Da diversi anni mancavano segnali discografici nuovi dal Quintetto Nigra, il gruppo piemontese specializzato in raffinate polifonie che prende il nome da Costantino Nigra, il canavesano diplomatico e statista risorgimentale, capo di Gabinetto di Cavour che tutti gli appassionati di musica tradizionale italiana, in ogni sua diramazione, associano quasi automaticamente una fondamentale raccolta di canti raccolti in volume, e salvati dunque dalla scomparsa.
Non che l’assenza dai negozi e dalle piattaforme digitali abbia significato per il Quintetto Nigra uguale latitanza dalle occasioni concertistiche: queste ultime, invece, si sono invece moltiplicate. E ora sbocciano in un’altra preziosa raccolta che, al solito, tratta il materiale d’origine dei canti con l’attitudine che chi conosce il Quintetto immediatamente riconosce: un bel misto tra scrupolo filologico ed eclettismo spinto. Bel modo, dunque, unitamente alla maestria nel canto polifonico, per tenere viva musica che hanno oggettive difficoltà a sopravvivere nella conoscenza.
Segnaliamo innanzitutto che qui, in Cantada (il titolo arriva da un bell’omaggio di parole tributato al gruppo dal poeta dialettale piemontese Carlin Porta) le voci di Maria Teresa Nesci, Maria Adelaide Negrin, Giulia Marasso, Devis Longo e Lorenzo Cescotti cantano in francese, francese delle valli valdesi e occitane, piemontese delle Valli di Trino, di Alessandria, delle Langhe, lombardo milanese, occitano. L’elenco non è occasione di pignoleria: serve per far immediatamente apprezzare un ventaglio di soluzioni foniche che, all’orecchio, costruiscono un arazzo sonoro policromo e decisamente affascinante.

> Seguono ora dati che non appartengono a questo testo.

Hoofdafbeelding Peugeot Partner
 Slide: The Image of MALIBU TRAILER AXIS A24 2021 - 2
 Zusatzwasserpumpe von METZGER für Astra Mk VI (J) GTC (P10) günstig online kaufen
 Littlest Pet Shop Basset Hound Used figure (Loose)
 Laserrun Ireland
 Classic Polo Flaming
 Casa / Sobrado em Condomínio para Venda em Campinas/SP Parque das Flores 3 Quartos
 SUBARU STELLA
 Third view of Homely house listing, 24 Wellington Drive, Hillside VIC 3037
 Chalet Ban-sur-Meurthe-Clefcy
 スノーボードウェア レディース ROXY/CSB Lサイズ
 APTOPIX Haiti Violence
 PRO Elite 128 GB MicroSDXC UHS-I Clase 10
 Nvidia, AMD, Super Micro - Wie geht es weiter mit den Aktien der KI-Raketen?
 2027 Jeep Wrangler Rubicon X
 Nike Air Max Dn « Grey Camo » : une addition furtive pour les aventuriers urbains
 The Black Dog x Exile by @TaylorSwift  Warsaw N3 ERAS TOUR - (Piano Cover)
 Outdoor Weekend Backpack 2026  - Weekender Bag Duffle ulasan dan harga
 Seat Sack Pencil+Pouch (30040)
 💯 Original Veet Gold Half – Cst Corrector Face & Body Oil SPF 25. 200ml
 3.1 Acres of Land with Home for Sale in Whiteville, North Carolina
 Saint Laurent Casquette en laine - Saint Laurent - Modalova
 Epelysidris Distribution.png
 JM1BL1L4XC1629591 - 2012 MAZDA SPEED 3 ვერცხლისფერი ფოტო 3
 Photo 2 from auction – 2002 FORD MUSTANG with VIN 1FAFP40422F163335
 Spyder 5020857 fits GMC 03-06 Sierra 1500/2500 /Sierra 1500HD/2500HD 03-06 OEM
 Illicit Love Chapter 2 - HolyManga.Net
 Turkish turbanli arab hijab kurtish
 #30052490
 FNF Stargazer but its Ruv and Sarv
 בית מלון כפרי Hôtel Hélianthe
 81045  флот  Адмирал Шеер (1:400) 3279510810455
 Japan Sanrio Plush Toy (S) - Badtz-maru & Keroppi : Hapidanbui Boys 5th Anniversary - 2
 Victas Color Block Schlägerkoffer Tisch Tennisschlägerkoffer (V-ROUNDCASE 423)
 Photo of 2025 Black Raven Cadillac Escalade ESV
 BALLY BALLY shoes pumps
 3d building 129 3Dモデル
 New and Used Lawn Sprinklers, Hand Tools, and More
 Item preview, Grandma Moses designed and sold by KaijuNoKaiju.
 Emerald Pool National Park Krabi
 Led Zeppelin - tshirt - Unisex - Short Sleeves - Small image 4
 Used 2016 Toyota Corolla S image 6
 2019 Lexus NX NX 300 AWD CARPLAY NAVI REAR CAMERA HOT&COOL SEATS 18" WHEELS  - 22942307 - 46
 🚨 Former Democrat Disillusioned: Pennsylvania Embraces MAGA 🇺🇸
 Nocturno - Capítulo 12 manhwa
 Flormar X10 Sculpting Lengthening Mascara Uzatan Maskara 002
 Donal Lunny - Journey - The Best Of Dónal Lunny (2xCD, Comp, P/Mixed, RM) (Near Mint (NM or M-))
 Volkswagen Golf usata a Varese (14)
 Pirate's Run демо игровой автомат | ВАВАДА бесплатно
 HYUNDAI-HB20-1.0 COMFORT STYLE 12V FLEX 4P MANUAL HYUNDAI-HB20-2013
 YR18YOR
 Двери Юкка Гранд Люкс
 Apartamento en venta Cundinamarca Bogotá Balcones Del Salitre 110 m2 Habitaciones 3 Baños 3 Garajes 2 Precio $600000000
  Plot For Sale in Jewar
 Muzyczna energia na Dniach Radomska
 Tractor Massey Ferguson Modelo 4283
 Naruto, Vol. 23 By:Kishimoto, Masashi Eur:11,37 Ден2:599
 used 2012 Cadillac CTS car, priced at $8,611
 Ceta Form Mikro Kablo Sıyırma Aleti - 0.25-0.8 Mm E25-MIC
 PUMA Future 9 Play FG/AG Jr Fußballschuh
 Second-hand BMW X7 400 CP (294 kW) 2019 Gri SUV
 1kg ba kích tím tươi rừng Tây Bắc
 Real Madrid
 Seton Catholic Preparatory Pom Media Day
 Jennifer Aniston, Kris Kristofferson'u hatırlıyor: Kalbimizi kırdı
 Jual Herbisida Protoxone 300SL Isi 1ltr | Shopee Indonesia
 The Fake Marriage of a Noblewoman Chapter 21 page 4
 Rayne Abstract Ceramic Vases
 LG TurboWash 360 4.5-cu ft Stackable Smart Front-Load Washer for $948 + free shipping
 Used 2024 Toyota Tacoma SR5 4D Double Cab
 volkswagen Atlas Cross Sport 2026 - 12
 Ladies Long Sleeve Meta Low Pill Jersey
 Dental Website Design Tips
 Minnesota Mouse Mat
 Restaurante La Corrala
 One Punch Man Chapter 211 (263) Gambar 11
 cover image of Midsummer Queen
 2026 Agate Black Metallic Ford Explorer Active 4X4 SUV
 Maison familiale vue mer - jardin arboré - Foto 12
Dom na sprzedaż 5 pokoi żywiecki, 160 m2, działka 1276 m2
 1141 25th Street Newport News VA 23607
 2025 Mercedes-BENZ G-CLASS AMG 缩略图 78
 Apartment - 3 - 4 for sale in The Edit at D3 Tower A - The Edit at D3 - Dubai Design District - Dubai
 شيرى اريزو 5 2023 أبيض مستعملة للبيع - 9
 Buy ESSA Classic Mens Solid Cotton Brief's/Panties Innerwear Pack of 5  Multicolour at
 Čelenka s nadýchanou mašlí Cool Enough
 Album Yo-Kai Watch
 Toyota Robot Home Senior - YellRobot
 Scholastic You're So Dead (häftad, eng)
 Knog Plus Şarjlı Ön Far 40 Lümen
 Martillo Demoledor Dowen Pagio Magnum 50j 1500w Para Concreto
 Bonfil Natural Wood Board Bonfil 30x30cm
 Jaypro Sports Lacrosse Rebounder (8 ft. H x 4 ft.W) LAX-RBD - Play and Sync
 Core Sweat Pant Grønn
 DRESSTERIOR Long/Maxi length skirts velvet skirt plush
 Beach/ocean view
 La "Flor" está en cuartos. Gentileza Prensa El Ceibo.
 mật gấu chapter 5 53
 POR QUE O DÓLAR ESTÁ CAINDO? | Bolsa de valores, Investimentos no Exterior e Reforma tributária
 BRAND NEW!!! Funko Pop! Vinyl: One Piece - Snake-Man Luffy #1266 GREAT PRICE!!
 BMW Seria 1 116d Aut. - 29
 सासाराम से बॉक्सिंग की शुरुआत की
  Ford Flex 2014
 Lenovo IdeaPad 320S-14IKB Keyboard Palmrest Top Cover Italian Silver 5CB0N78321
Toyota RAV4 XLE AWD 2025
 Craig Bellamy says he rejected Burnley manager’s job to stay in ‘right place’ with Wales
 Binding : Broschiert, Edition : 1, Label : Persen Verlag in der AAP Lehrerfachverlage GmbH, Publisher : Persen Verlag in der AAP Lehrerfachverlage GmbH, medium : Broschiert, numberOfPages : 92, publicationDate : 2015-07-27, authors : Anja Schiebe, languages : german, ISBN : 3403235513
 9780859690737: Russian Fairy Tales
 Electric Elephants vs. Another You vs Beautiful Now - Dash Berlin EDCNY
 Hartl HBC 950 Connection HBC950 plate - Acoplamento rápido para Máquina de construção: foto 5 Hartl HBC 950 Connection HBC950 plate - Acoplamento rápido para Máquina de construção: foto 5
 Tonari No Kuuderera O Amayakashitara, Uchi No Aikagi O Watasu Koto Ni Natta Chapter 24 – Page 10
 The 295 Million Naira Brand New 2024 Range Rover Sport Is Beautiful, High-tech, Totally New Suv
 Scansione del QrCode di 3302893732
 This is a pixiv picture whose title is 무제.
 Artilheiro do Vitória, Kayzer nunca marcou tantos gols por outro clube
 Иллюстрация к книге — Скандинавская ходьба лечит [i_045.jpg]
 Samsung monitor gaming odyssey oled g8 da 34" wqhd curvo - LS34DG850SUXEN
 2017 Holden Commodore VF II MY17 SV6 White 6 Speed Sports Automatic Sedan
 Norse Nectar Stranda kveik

Segnaliamo poi, in un disco che tocca molto spesso punte d’eccellenza, il "Tris di maggi", in cui vengono messi a confronto tre diverse versioni di canti del maggio, e l’ottima idea di accostare la "Bella Ciao" delle mondine a quella diventata canto dei partigiani. In "La magna Danda", l’incastro polifonico prevede, per una storia paradossale, iperbolica ed assai allegra, inserti e citazioni da Traviata, Rigoletto e Barbiere di Siviglia, "Ca da rat", invece, offre il destro per volgere il valzerino originale di Francesco Saettone in filante swing d’antan. Tra i brani, frequenti inserti parlati a complemento che chi mastica un po’ di piemontese apprezzerà più compiutamente.